**Task prompt:** The whole listing should be retyped exactly as it appears.

**Data listing:**
+---+

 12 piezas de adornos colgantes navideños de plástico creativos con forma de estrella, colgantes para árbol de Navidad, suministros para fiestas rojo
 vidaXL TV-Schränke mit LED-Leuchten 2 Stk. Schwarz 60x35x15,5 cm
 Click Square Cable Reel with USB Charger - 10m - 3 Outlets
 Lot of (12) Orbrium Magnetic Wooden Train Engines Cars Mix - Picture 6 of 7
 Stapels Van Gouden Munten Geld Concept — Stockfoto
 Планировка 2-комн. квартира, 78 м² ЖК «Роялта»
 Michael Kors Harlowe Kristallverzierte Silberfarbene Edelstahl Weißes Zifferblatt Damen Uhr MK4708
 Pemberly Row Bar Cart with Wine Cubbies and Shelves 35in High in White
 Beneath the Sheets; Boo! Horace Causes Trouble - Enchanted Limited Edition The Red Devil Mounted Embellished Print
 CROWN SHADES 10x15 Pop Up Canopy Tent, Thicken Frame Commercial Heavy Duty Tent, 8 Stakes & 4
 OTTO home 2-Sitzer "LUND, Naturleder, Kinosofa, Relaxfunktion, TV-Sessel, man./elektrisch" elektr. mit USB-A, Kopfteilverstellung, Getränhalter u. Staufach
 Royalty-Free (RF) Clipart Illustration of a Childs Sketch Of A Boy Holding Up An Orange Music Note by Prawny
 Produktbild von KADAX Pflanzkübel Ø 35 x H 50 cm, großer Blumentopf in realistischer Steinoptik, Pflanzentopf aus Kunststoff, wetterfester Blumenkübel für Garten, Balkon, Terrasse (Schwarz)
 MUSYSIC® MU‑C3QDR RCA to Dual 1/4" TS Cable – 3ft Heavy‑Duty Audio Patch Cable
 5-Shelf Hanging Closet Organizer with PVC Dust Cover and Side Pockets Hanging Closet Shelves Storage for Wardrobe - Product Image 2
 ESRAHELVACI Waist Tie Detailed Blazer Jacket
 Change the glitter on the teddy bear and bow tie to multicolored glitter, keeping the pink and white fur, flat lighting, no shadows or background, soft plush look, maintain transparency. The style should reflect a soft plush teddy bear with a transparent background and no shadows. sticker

+---+

**Exercise output:**
 12 piezas de adornos colgantes navideños de plástico creativos con forma de estrella, colgantes para árbol de Navidad, suministros para fiestas rojo
 vidaXL TV-Schränke mit LED-Leuchten 2 Stk. Schwarz 60x35x15,5 cm
 Click Square Cable Reel with USB Charger - 10m - 3 Outlets
 Lot of (12) Orbrium Magnetic Wooden Train Engines Cars Mix - Picture 6 of 7
 Stapels Van Gouden Munten Geld Concept — Stockfoto
 Планировка 2-комн. квартира, 78 м² ЖК «Роялта»
 Michael Kors Harlowe Kristallverzierte Silberfarbene Edelstahl Weißes Zifferblatt Damen Uhr MK4708
 Pemberly Row Bar Cart with Wine Cubbies and Shelves 35in High in White
 Beneath the Sheets; Boo! Horace Causes Trouble - Enchanted Limited Edition The Red Devil Mounted Embellished Print
 CROWN SHADES 10x15 Pop Up Canopy Tent, Thicken Frame Commercial Heavy Duty Tent, 8 Stakes & 4
 OTTO home 2-Sitzer "LUND, Naturleder, Kinosofa, Relaxfunktion, TV-Sessel, man./elektrisch" elektr. mit USB-A, Kopfteilverstellung, Getränhalter u. Staufach
 Royalty-Free (RF) Clipart Illustration of a Childs Sketch Of A Boy Holding Up An Orange Music Note by Prawny
 Produktbild von KADAX Pflanzkübel Ø 35 x H 50 cm, großer Blumentopf in realistischer Steinoptik, Pflanzentopf aus Kunststoff, wetterfester Blumenkübel für Garten, Balkon, Terrasse (Schwarz)
 MUSYSIC® MU‑C3QDR RCA to Dual 1/4" TS Cable – 3ft Heavy‑Duty Audio Patch Cable
 5-Shelf Hanging Closet Organizer with PVC Dust Cover and Side Pockets Hanging Closet Shelves Storage for Wardrobe - Product Image 2
 ESRAHELVACI Waist Tie Detailed Blazer Jacket
 Change the glitter on the teddy bear and bow tie to multicolored glitter, keeping the pink and white fur, flat lighting, no shadows or background, soft plush look, maintain transparency. The style should reflect a soft plush teddy bear with a transparent background and no shadows. sticker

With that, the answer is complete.